L’ensemble des membres du Grand Toulouse a décidé d’élire à l’unanimité le maire de la Ville rose, y compris les élus d’opposition menés par Georges Beyney. Le maire de l’Union, désigné en tant que doyen président de ce conseil spécial, a justifié cette démarche des «non-alignés» en misant sur le «développement futur» de l’agglomération. Citant tour à tour et ironiquement Lénine et Khrouchtchev, Georges Beyney a maintenu une ambiance conviviale avant de laisser la parole au nouveau patron du Grand Toulouse et à ses deux vice-présidents Bernard Sicard et Claude Raynal, respectivement maires de Colomiers et Tournefeuille.
Même si Pierre Cohen semble vouloir s’inscrire dans la continuité des grands projets mis en œuvre par l’équipe précédente, le maire de Toulouse compte avant tout aller de l’avant : «L’intercommunalité doit prendre un tournant. L’économie constitue un grand défi et nous devrons être vigilants sur l’évolution du Plan Power 8. L’aéronautique doit rester le socle de l’industrie et de l’emploi mais il faut également renforcer le tissu des PME/PMI, encourager la recherche et préparer le XXI ème siècle en développant de nouvelles filières, notamment dans le développement durable.» Autre priorité : «Reconstruire une véritable politique de la ville», en misant sur les quartiers, le logement, la mixité et l’éducation.
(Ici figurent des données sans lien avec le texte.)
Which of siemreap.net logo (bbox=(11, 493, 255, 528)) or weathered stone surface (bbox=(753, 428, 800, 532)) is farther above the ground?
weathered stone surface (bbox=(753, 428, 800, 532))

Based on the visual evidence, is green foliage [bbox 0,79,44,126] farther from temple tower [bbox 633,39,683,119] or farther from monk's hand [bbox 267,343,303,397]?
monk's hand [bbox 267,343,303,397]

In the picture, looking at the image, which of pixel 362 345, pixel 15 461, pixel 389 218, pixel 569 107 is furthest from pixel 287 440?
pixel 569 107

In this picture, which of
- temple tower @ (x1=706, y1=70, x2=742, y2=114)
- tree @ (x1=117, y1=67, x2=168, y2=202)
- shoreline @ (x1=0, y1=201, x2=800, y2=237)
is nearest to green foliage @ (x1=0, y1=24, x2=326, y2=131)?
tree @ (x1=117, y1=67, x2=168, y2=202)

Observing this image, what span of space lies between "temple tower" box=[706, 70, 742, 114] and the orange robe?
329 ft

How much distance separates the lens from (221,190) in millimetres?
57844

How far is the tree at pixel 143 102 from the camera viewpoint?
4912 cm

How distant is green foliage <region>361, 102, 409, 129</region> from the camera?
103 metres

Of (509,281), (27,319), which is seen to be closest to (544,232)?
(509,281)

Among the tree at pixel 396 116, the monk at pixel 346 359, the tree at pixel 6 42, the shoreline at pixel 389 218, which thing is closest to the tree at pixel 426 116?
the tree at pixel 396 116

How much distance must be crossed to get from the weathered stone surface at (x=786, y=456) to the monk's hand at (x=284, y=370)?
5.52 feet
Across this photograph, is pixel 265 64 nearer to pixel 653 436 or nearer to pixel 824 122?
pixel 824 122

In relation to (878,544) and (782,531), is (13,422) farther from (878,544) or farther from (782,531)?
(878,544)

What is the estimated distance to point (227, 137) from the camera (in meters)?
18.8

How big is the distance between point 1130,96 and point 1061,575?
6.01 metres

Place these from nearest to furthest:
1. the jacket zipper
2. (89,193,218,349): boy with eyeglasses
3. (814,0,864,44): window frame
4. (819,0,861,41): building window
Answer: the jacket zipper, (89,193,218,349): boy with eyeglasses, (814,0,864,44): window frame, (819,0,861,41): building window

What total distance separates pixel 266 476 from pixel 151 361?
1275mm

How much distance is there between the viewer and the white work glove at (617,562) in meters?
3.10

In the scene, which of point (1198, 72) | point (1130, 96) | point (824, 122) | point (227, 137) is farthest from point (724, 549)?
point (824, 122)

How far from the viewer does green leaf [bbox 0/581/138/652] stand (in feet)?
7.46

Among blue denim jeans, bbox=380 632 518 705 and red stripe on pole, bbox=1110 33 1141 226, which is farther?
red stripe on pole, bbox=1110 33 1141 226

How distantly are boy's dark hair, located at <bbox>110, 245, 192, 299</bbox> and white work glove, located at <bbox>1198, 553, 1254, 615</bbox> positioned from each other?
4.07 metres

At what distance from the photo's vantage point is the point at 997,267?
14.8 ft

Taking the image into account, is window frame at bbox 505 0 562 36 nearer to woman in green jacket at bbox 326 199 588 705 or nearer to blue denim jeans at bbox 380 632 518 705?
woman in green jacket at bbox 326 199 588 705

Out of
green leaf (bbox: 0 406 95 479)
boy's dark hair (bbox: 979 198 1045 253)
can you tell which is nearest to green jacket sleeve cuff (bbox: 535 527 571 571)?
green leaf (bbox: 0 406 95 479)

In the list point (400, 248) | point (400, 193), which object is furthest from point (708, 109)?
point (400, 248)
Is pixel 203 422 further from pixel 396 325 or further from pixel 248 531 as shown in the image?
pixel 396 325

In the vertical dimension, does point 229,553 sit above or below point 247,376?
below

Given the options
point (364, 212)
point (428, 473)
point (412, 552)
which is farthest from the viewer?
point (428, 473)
Vers une communauté de communes

C’est dans cette droite ligne que Pierre Cohen a rappelé un projet qui a rythmé sa campagne municipale : la volonté d’un passage à une communauté de communes. Ce changement permettrait d’élargir le périmètre du Grand Toulouse en y incluant de nouvelles communes mais surtout de recevoir des subventions bien plus importantes de la part de l’Etat. Aucun calendrier n’a encore été établi mais la décision ne pourrait aboutir que dans deux ans. D’ici-là, le préfet de région devra établir le territoire de cette communauté de communes. L’ex-maire de Ramonville ne se prononce pas encore sur l’avenir de certaines structures comme le SICOVAL ou le Muretain, mis en place pour palier à la non admission de certaines villes dans le Grand Toulouse. Des communautés de communes où on retrouve justement… Ramonville.
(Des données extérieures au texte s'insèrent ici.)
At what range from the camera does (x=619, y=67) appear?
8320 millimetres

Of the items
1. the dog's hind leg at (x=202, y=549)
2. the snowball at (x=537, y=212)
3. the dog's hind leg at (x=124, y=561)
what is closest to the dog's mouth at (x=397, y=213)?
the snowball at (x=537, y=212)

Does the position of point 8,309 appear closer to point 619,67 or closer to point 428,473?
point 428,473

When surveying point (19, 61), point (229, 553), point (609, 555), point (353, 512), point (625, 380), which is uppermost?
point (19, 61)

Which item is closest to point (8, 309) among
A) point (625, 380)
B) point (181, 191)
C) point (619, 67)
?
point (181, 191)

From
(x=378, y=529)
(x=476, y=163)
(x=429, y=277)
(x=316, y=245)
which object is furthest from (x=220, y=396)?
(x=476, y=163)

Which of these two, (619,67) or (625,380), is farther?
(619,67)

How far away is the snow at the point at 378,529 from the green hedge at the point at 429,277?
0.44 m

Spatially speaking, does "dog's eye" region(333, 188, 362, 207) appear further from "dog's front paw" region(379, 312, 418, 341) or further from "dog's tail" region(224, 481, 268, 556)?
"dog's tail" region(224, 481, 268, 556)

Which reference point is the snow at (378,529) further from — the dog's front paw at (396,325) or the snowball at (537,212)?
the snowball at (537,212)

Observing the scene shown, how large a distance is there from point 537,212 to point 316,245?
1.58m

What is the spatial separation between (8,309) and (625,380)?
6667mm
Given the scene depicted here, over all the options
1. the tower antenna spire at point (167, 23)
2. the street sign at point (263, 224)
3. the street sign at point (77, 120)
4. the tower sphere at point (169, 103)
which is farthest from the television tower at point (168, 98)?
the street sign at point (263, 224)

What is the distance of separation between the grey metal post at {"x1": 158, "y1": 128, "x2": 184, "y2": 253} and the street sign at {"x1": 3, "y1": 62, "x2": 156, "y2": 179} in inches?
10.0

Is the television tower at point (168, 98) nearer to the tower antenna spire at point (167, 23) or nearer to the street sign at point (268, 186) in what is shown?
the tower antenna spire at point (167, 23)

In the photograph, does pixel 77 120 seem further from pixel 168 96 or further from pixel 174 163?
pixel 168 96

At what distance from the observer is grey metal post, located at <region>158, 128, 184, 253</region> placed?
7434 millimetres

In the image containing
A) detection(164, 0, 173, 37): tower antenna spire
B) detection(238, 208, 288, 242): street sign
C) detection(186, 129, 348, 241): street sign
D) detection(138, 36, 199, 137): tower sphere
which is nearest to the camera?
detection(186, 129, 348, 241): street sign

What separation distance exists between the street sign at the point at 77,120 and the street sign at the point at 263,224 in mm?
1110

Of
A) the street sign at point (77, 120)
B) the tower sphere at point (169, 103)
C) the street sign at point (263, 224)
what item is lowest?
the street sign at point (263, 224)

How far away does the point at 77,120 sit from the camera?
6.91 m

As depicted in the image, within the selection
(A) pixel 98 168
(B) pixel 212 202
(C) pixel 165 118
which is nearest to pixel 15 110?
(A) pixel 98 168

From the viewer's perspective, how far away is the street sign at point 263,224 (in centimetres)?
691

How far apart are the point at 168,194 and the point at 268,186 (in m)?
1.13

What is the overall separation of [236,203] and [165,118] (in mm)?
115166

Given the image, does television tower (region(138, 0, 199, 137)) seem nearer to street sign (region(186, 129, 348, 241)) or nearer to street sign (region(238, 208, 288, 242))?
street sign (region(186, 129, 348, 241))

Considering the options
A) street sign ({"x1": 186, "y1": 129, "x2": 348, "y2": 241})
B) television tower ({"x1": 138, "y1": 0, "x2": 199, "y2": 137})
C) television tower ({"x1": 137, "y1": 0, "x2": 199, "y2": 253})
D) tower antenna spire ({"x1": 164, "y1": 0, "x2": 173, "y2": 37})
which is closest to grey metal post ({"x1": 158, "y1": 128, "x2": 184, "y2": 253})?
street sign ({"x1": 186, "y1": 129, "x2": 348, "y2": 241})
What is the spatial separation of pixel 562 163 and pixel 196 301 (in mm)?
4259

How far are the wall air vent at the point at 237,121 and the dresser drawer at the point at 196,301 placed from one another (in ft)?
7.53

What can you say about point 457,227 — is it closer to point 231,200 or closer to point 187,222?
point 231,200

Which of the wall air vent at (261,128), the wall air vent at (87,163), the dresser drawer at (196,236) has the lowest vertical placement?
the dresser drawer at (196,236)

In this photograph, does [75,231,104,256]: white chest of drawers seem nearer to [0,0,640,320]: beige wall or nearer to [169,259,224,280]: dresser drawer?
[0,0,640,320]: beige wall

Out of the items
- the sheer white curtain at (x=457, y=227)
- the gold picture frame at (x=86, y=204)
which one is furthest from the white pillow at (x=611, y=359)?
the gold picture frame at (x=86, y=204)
C’est donc une page qui se tourne pour le Grand Toulouse où le Parti Socialiste assoit sa domination. L’opposition ne compte plus que six représentants, dont trois se sont vus accorder des postes de vice-présidents parmi les vingt disponibles. La minorité est désormais réduite à une peau de chagrin et devra faire preuve de combativité pour défendre ses projets.